▸ TASK BRIEF
Nothing in the data should change when you return it, but leave the pictures out.

▸ DATA EXCERPT
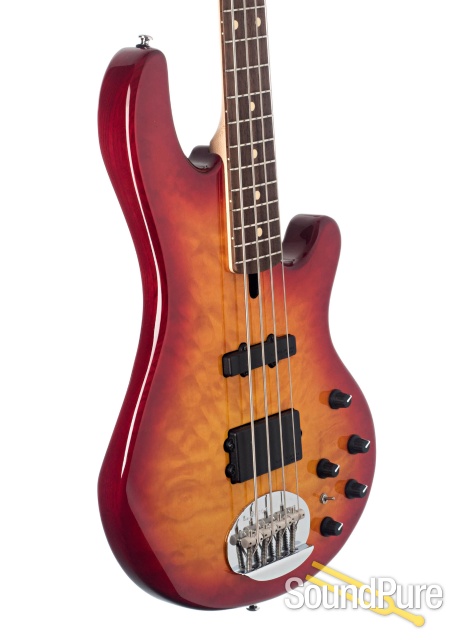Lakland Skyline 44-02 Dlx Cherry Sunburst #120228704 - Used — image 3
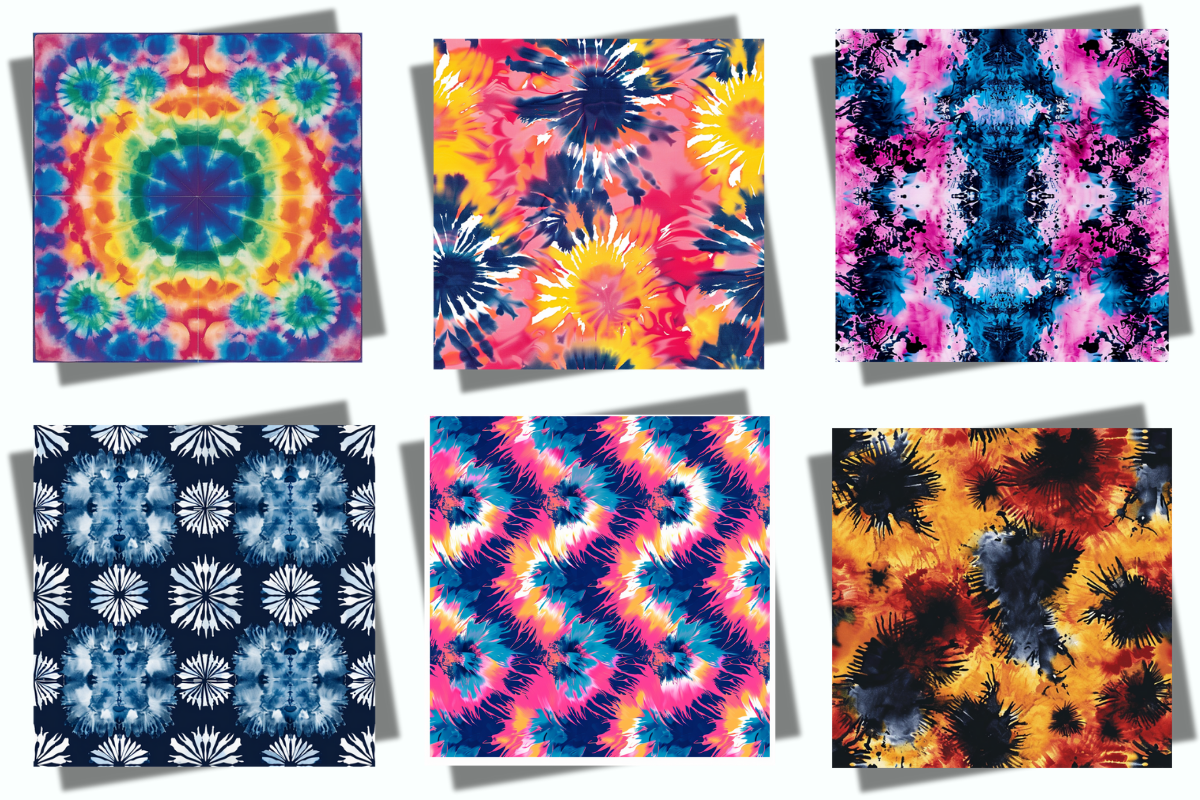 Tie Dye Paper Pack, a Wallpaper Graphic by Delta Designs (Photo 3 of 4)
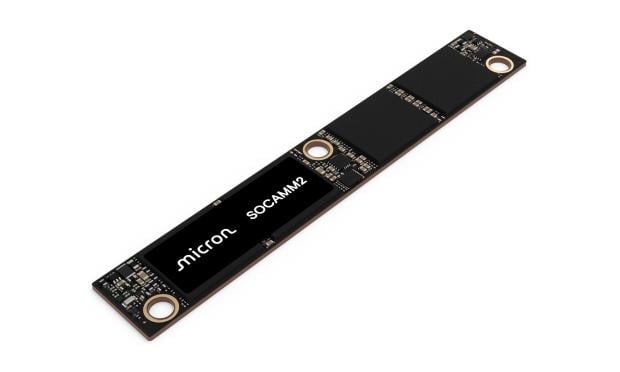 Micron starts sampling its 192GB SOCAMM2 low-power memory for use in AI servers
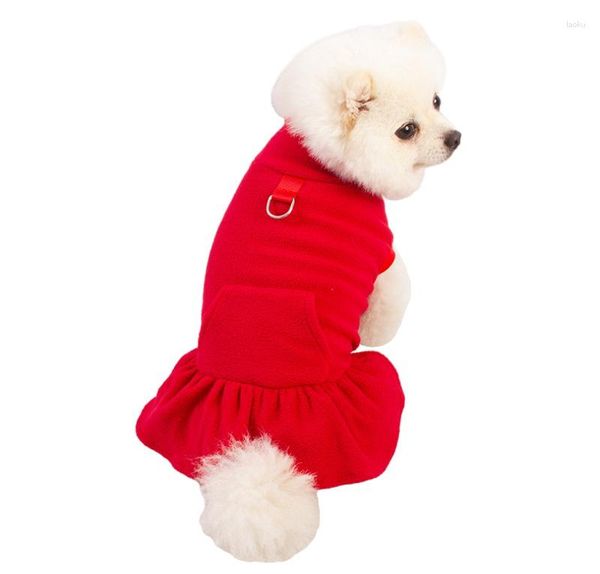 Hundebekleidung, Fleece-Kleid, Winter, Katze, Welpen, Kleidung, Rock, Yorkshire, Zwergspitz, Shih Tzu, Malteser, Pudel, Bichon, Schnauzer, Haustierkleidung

▸ EXERCISE SOLUTION
Lakland Skyline 44-02 Dlx Cherry Sunburst #120228704 - Used — image 3
 Tie Dye Paper Pack, a Wallpaper Graphic by Delta Designs (Photo 3 of 4)
 Micron starts sampling its 192GB SOCAMM2 low-power memory for use in AI servers
 Hundebekleidung, Fleece-Kleid, Winter, Katze, Welpen, Kleidung, Rock, Yorkshire, Zwergspitz, Shih Tzu, Malteser, Pudel, Bichon, Schnauzer, Haustierkleidung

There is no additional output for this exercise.